§ Exercise data:
• • •
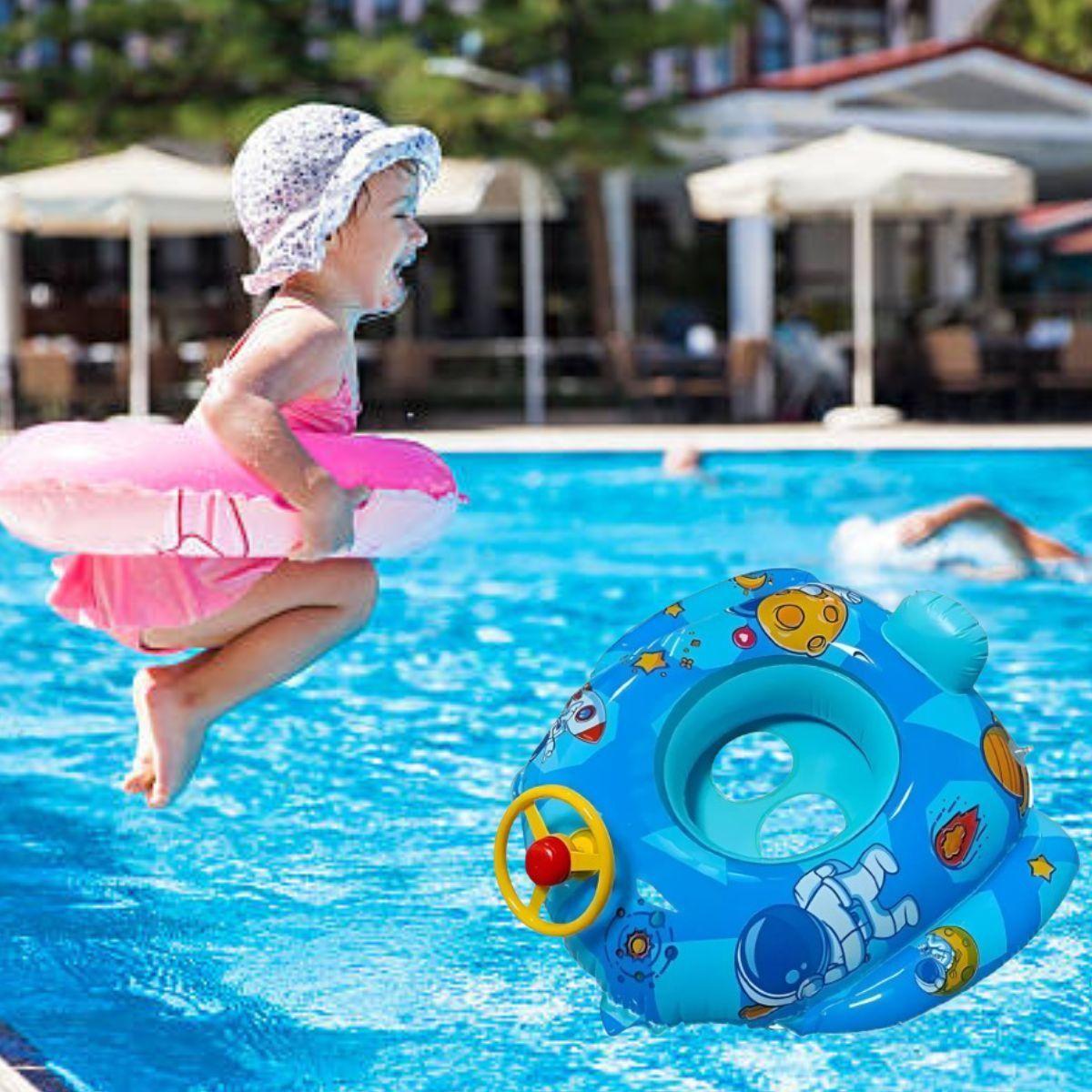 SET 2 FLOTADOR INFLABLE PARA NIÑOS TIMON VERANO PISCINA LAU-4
• • •
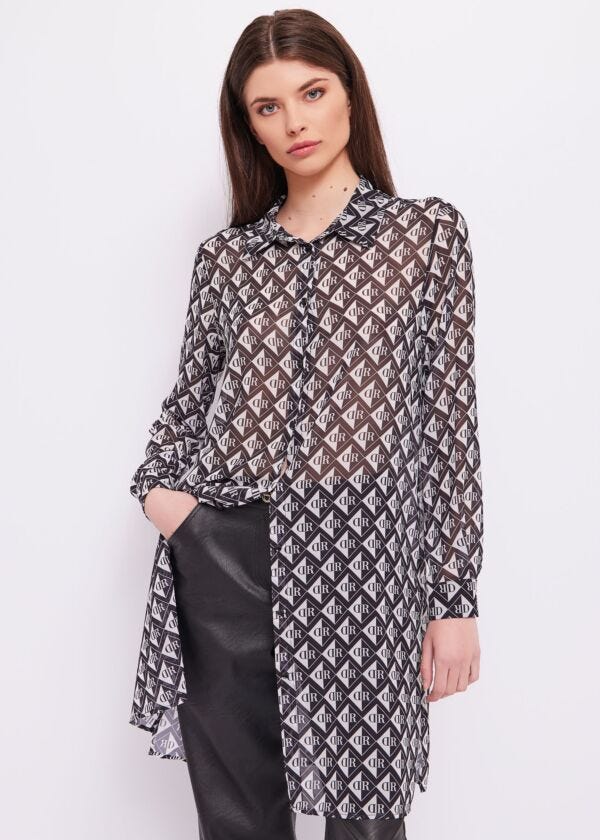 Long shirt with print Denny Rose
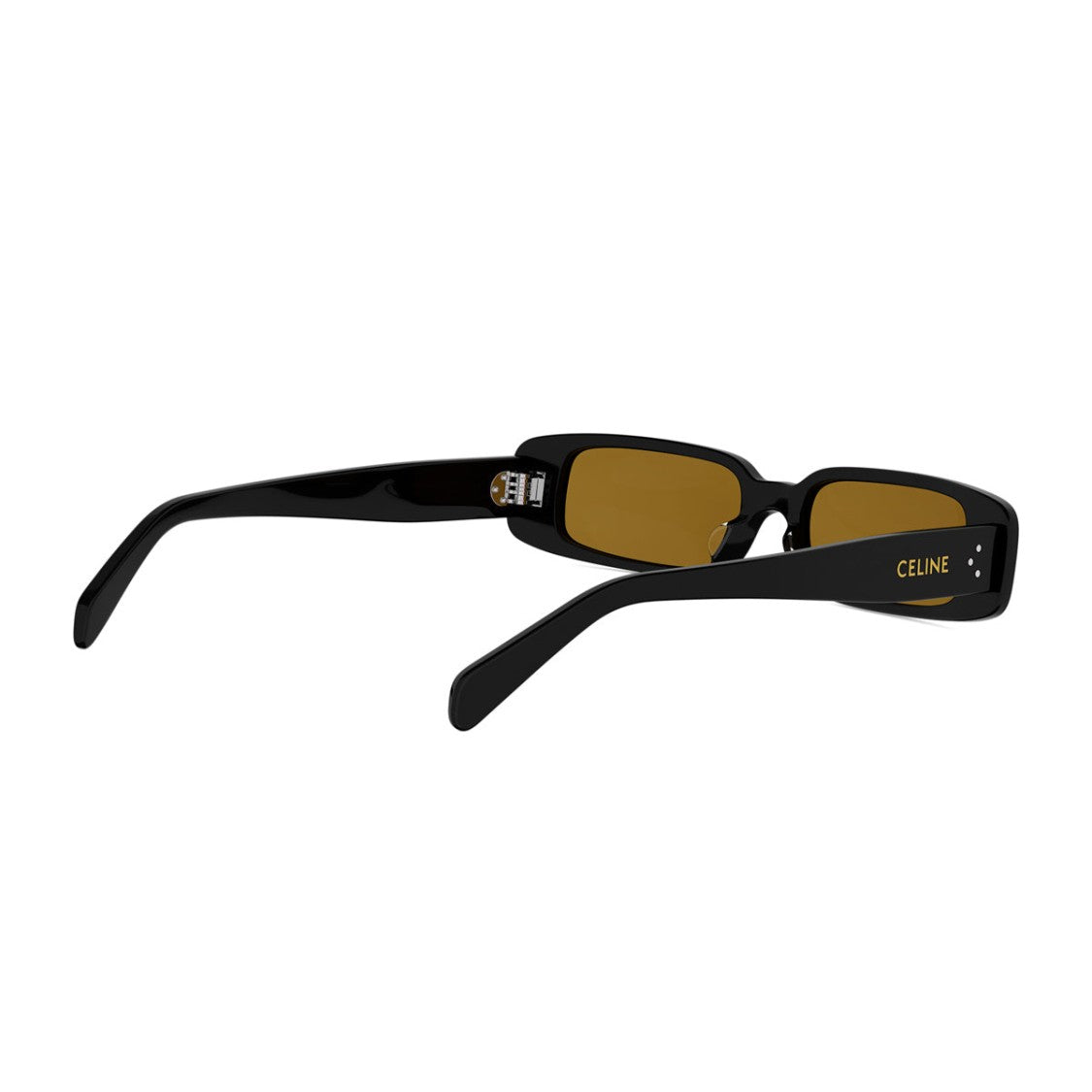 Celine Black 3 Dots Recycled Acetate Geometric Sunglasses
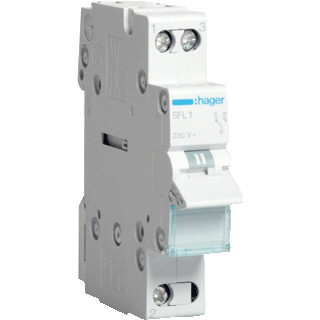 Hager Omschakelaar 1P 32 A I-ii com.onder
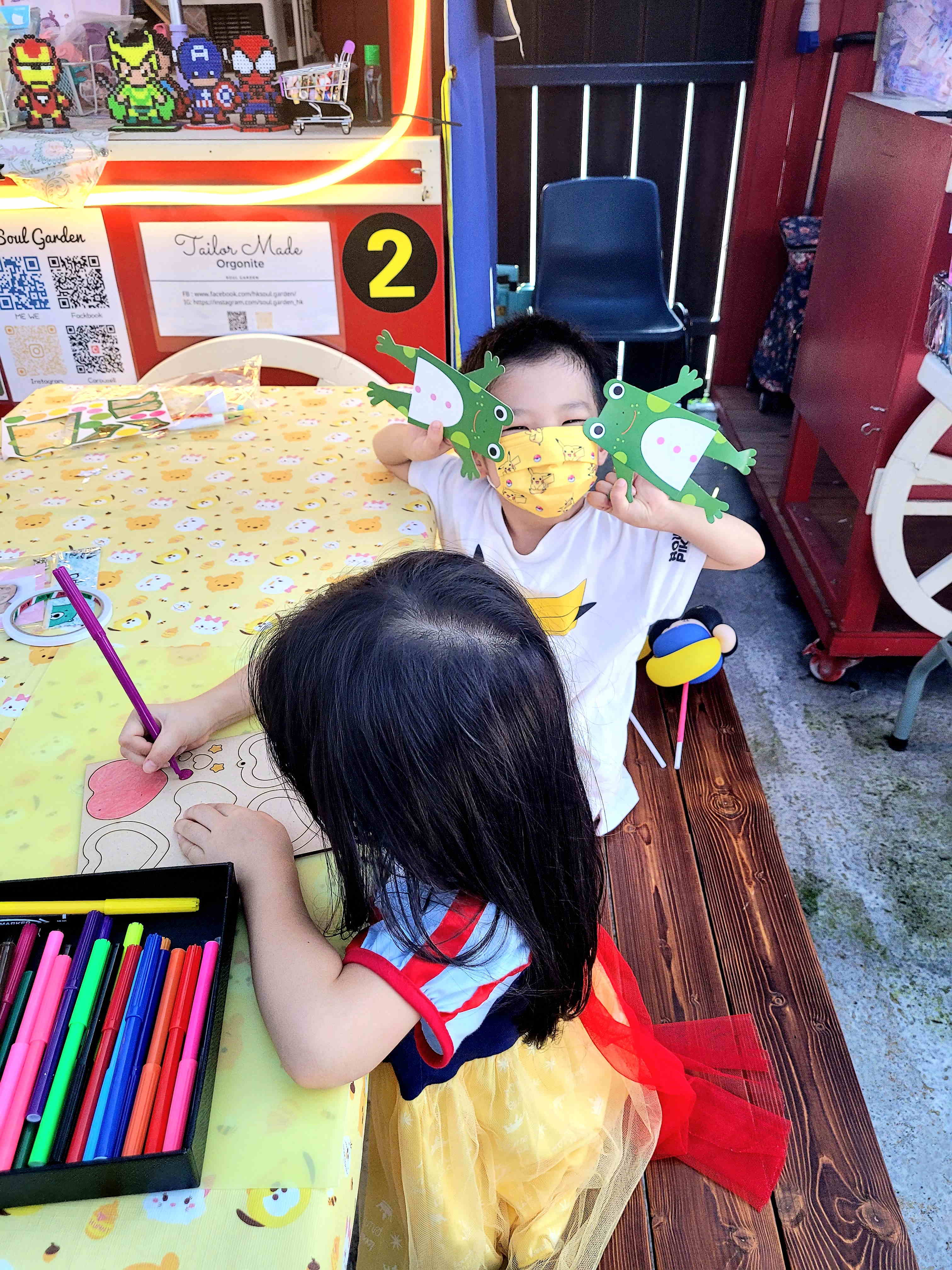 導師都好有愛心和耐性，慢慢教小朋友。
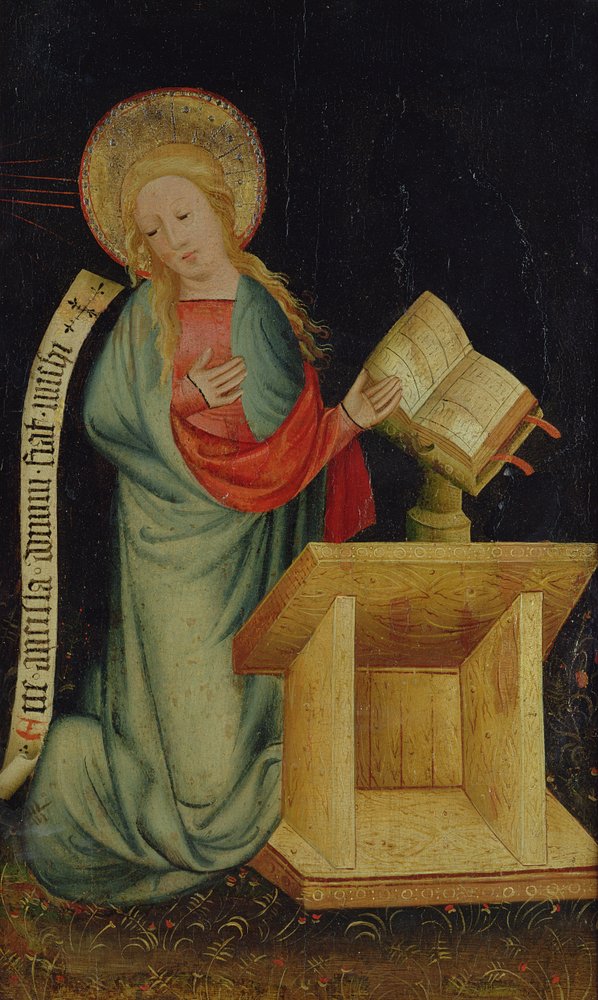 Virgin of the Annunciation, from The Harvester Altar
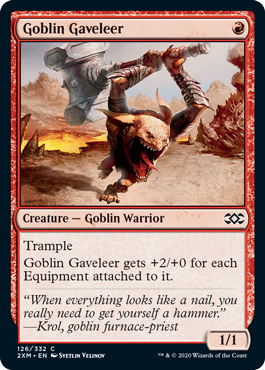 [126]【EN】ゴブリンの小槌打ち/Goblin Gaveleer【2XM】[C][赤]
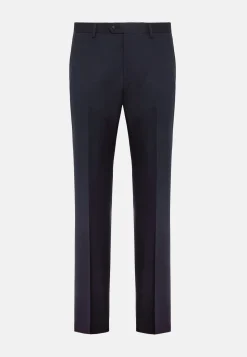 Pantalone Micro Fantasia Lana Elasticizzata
• • •
§ Requirement: Once the line with "導師都好有愛心和耐性，慢慢教小朋友。" is found above, transcribe each line from it through the line with "Pantalone Micro Fantasia Lana Elasticizzata", exactly, and omit the pictures.

§ Result of the task:
 導師都好有愛心和耐性，慢慢教小朋友。
 Virgin of the Annunciation, from The Harvester Altar
 [126]【EN】ゴブリンの小槌打ち/Goblin Gaveleer【2XM】[C][赤]
 Pantalone Micro Fantasia Lana Elasticizzata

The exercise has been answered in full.